SINGAPORE: Embattled water treatment firm Hyflux was granted another extension in its debt reprieve from creditors by the Singapore High Court on Wednesday (May 29).
With its court-approved moratorium due to end on Wednesday, Hyflux had hoped for an additional four-month leeway, but was denied by Justice Aedit Abdullah who felt that further extensions “should be much more controlled”.
The debt-laden company now has two more months until Aug 2 to work out possible rescue plans, marking its fourth moratorium extension since embarking on debt restructuring a year ago.
During the three-hour long hearing in a court room packed with lawyers, Hyflux provided updates on its search for new investors since aborting a rescue deal with Indonesian consortium SM Investments in April.
WongPartnership lawyer Manoj Sandrasegara, who represents Hyflux, told the court that the company is in talks with seven parties.
One of them is United Arab Emirates utility firm Utico, with whom it is in “advanced” discussions over the terms of a binding term sheet for a S$400 million investment. The UAE utility firm has given Hyflux a deadline of Jun 17 for a binding agreement to be signed, the court heard.
Advanced negotiations are also underway with global multi-strategy investment fund Oyster Bay Fund over a possible investment of up to S$500 million, said Mr Sandrasegara citing a May 27 affidavit by Hyflux chief executive Olivia Lum.
Hyflux is also in touch with five other unnamed potential investors.
Apart from the previously announced suitor said to be a big desalination firm, they include a large player in Asia’s power sector, a foreign investment fund, an Asia-based nuclear and civil engineering contractor and a waste treatment firm.
Mr Sandrasegara said the company will “select one investor” to enter into a binding agreement by the middle of next month.
After which, it hopes to engage various stakeholder groups to knock out a new scheme of arrangement.

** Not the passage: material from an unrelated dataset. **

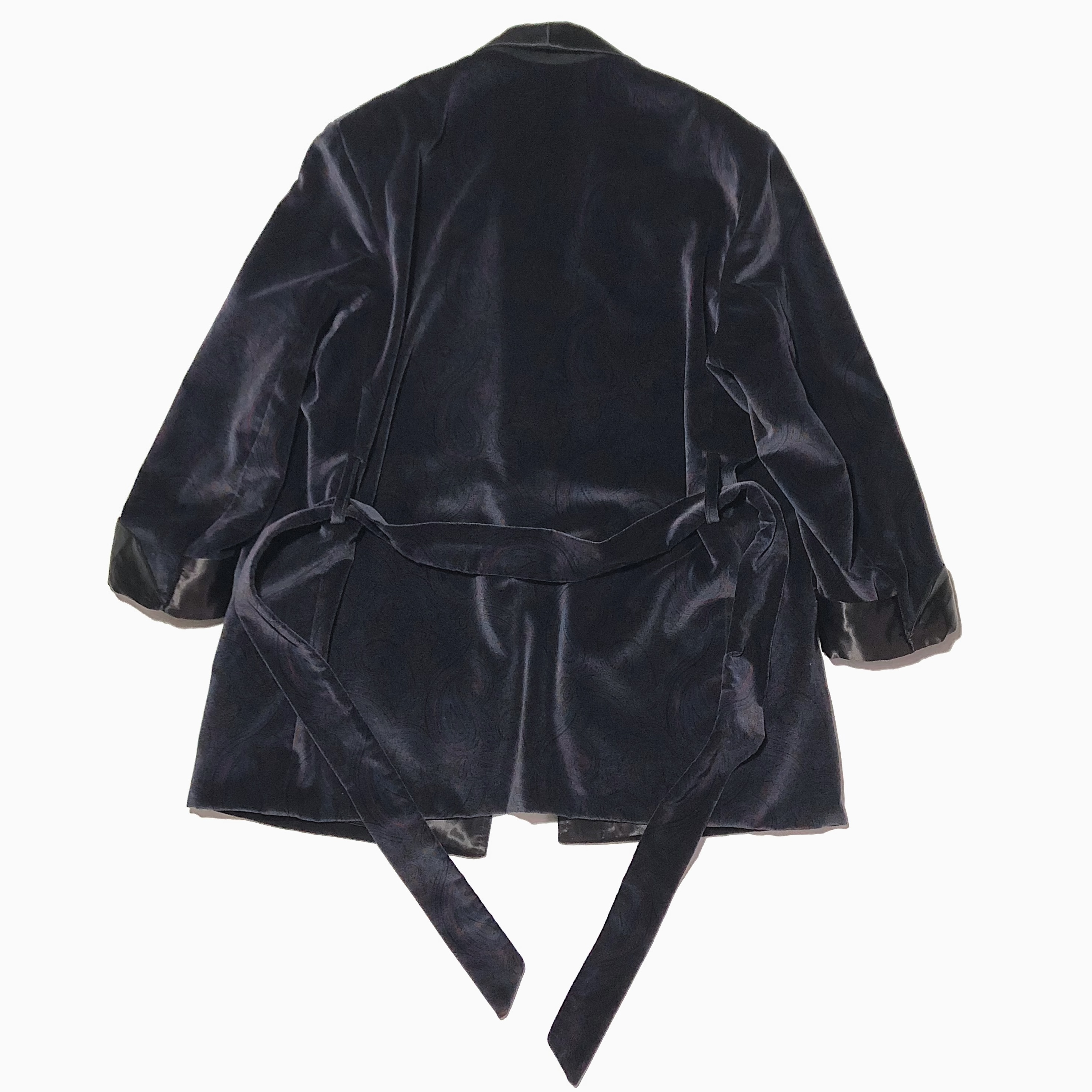 Vintage 80's Velvet Smoking Jacket の画像 2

It is looking to file an application for leave to convene the scheme meeting in July, before engaging various stakeholder groups, seek regulatory approvals and hold the scheme meeting in August.
If all goes to plan, its court-sanctioned scheme will be completed by September, according to Ms Lum’s affidavit.
While laying out the company’s case for a four-month moratorium extension, Mr Sandrasegara stressed that its proposed timeline is a “compressed” one with plans already being “expedited”.
“We used the time wisely,” he said. “We have given a roadmap as to when and how we are going to progress ... The court should take that into account.”
But this proposed four-month leeway drew objections from some of the company's creditors.
A group of bank creditors, for instance, said Hyflux should be kept on a “tight leash” and be granted a moratorium extension of just 30 days.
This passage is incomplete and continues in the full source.